TASK TO COMPLETE: What you produce should match the records exactly, line for line.

INPUT DATA:
BEGIN
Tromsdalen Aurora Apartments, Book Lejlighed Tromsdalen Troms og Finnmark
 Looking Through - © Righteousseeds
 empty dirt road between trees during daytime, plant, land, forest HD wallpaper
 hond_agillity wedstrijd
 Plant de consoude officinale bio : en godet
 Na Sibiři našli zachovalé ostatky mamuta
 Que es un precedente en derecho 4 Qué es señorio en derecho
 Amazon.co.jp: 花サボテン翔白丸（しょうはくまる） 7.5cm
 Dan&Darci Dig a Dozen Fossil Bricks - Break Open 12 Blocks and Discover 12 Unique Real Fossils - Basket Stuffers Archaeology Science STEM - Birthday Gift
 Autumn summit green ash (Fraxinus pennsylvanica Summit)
END
EXERCISE ANSWER:
Tromsdalen Aurora Apartments, Book Lejlighed Tromsdalen Troms og Finnmark
 Looking Through - © Righteousseeds
 empty dirt road between trees during daytime, plant, land, forest HD wallpaper
 hond_agillity wedstrijd
 Plant de consoude officinale bio : en godet
 Na Sibiři našli zachovalé ostatky mamuta
 Que es un precedente en derecho 4 Qué es señorio en derecho
 Amazon.co.jp: 花サボテン翔白丸（しょうはくまる） 7.5cm
 Dan&Darci Dig a Dozen Fossil Bricks - Break Open 12 Blocks and Discover 12 Unique Real Fossils - Basket Stuffers Archaeology Science STEM - Birthday Gift
 Autumn summit green ash (Fraxinus pennsylvanica Summit)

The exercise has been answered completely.